In the material below, find the line containing "Wild Mustang Horses in the Mountains Magnet" and the line containing "新加坡+马来西亚5日4晚私家团". Output those two lines and all lines between them exactly, without pictures.

■ **Information**
---------------

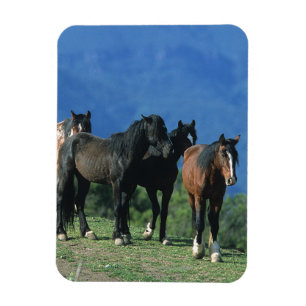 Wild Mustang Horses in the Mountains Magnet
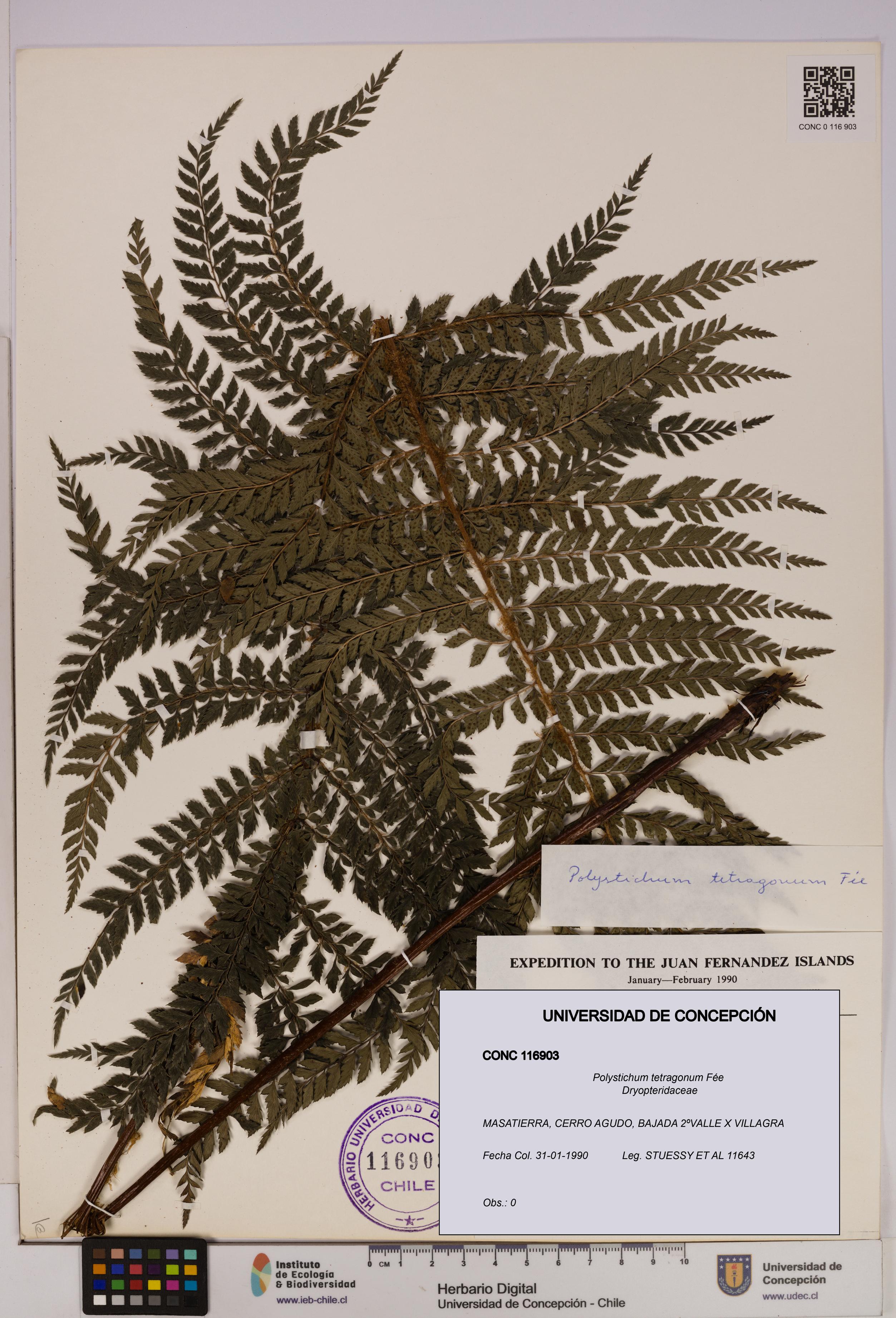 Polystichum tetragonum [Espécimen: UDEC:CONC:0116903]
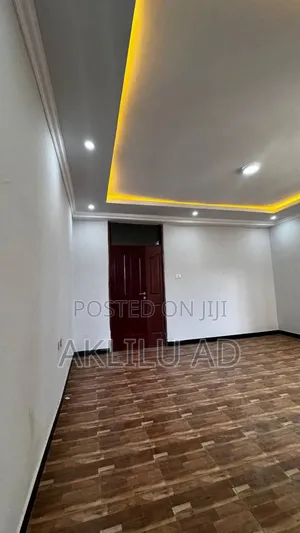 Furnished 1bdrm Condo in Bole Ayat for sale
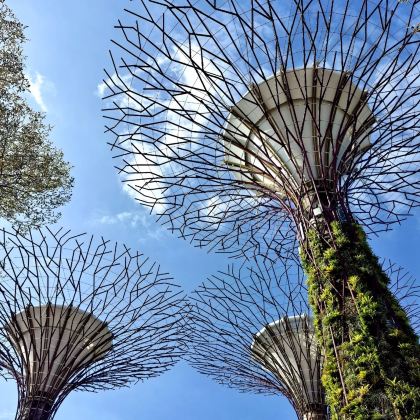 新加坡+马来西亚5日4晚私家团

---------------

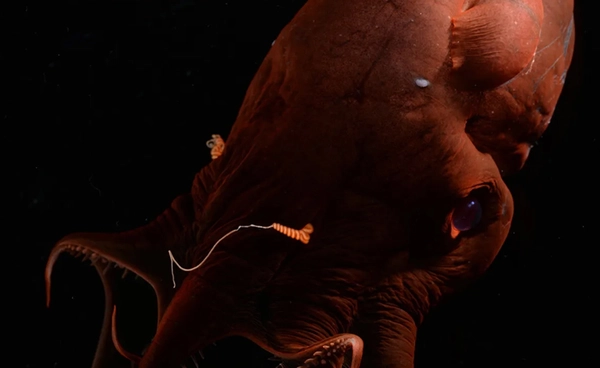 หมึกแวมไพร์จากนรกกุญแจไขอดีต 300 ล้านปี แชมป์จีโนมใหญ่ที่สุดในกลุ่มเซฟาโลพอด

---------------

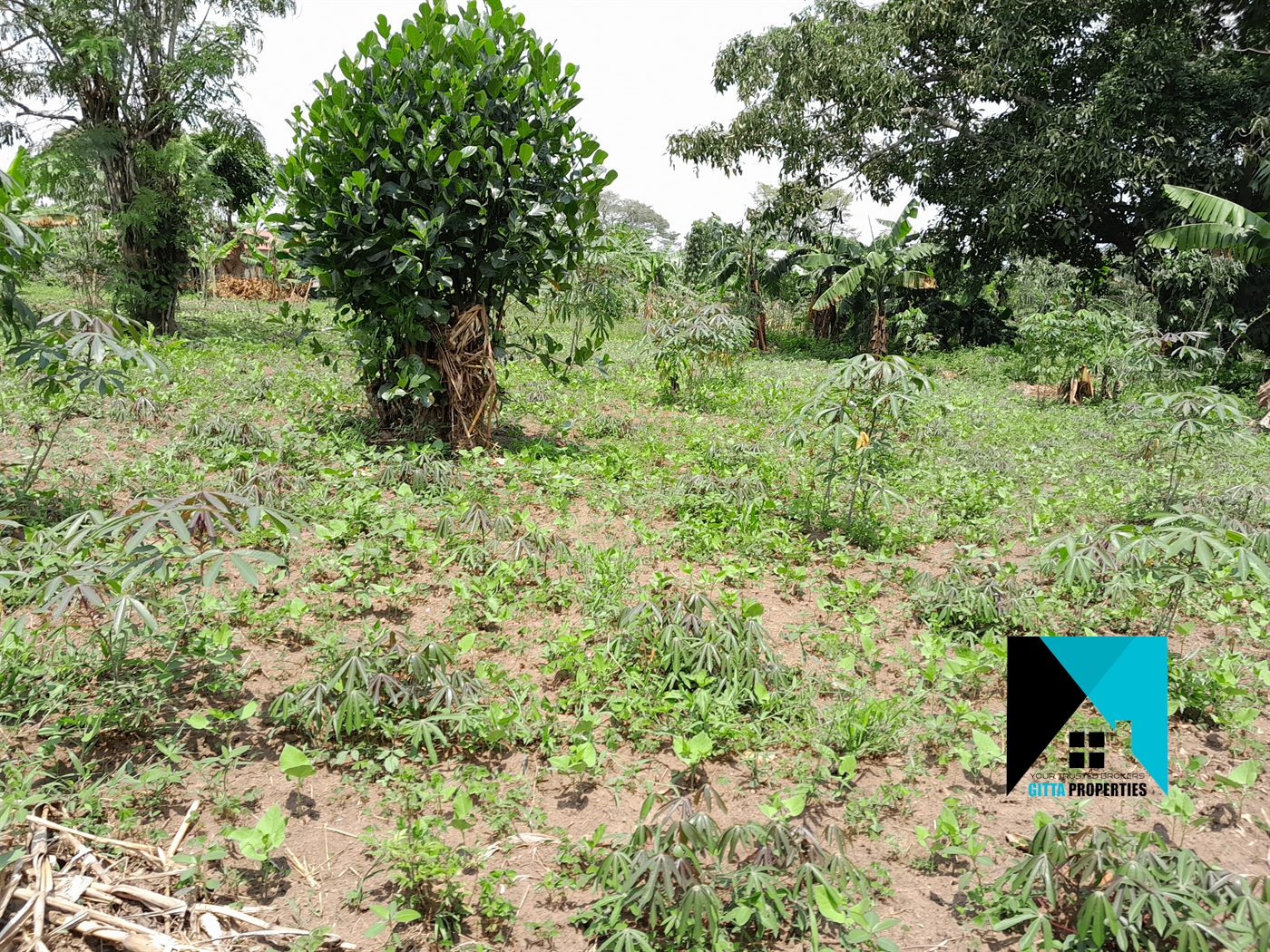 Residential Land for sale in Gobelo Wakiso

---------------

■ **Result of this exercise**
 Wild Mustang Horses in the Mountains Magnet
 Polystichum tetragonum [Espécimen: UDEC:CONC:0116903]
 Furnished 1bdrm Condo in Bole Ayat for sale
 新加坡+马来西亚5日4晚私家团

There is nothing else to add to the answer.